Assignment:
Go through the listing below and retype exactly the lines starting at the one with "Kitnet / Stúdio" and ending at the one with "Fischbach Apartamento |", skipping pictures.

Excerpted data:
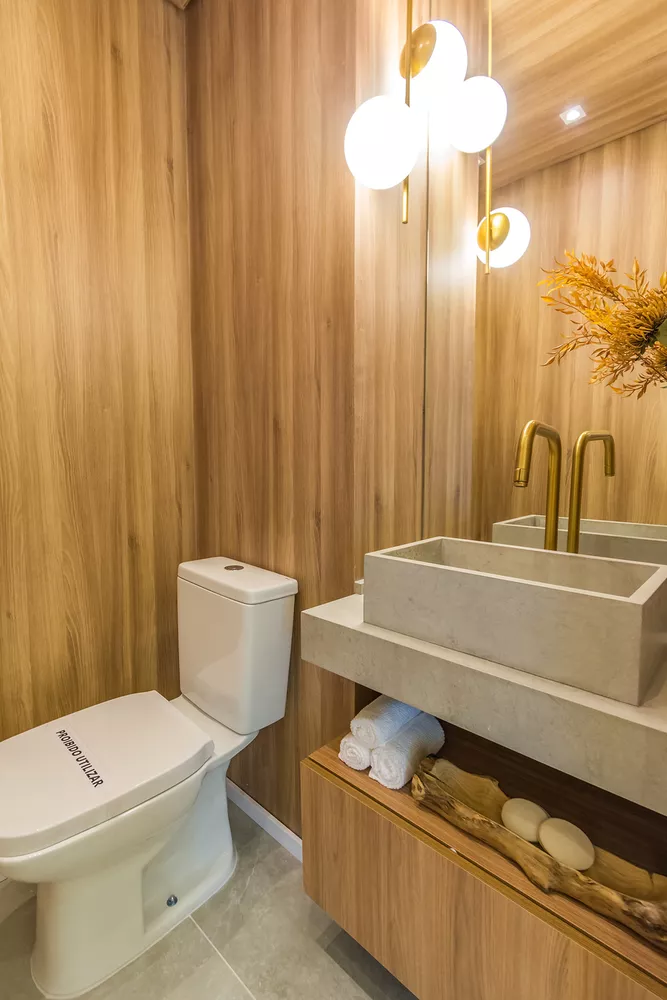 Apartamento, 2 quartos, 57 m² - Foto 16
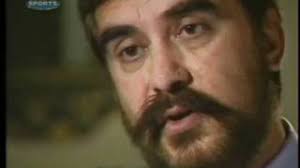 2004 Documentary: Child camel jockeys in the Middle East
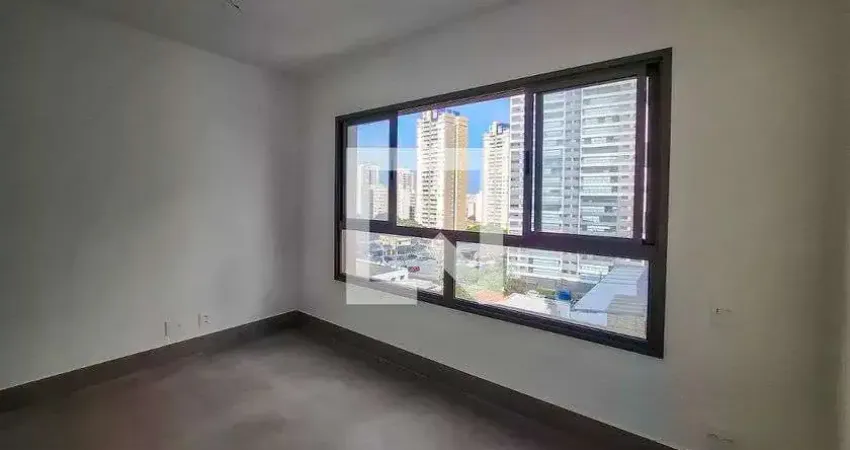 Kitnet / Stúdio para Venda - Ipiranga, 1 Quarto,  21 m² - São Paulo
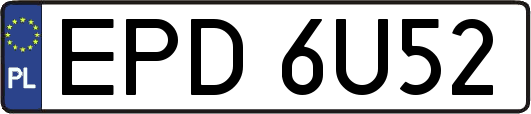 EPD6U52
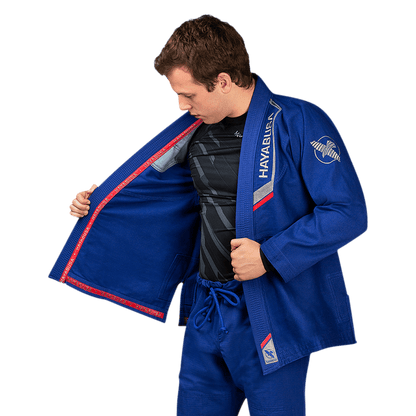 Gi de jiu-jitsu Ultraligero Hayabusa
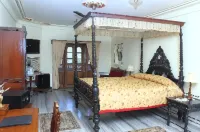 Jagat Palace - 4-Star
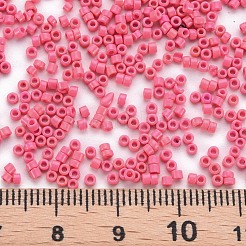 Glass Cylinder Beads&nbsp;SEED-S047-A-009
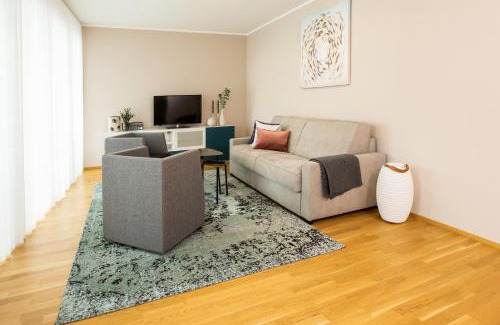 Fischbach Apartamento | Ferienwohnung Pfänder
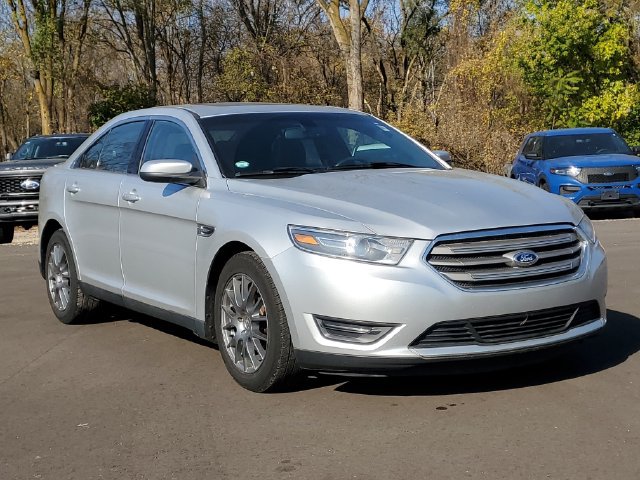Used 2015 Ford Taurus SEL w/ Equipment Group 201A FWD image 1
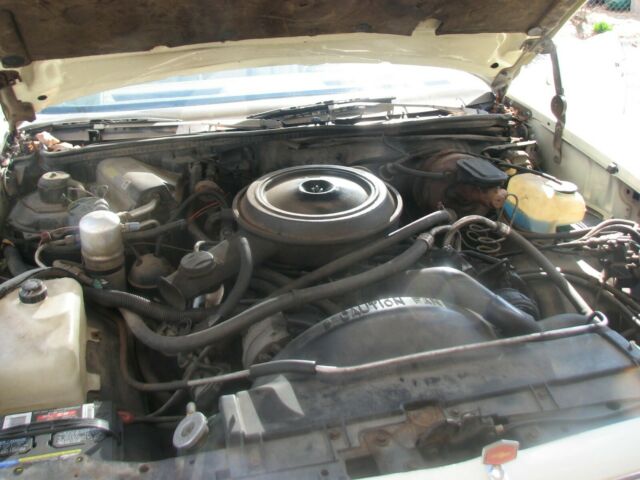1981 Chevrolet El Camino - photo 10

Result of the exercise:
 Kitnet / Stúdio para Venda - Ipiranga, 1 Quarto,  21 m² - São Paulo
 EPD6U52
 Gi de jiu-jitsu Ultraligero Hayabusa
 Jagat Palace - 4-Star
 Glass Cylinder Beads&nbsp;SEED-S047-A-009
 Fischbach Apartamento | Ferienwohnung Pfänder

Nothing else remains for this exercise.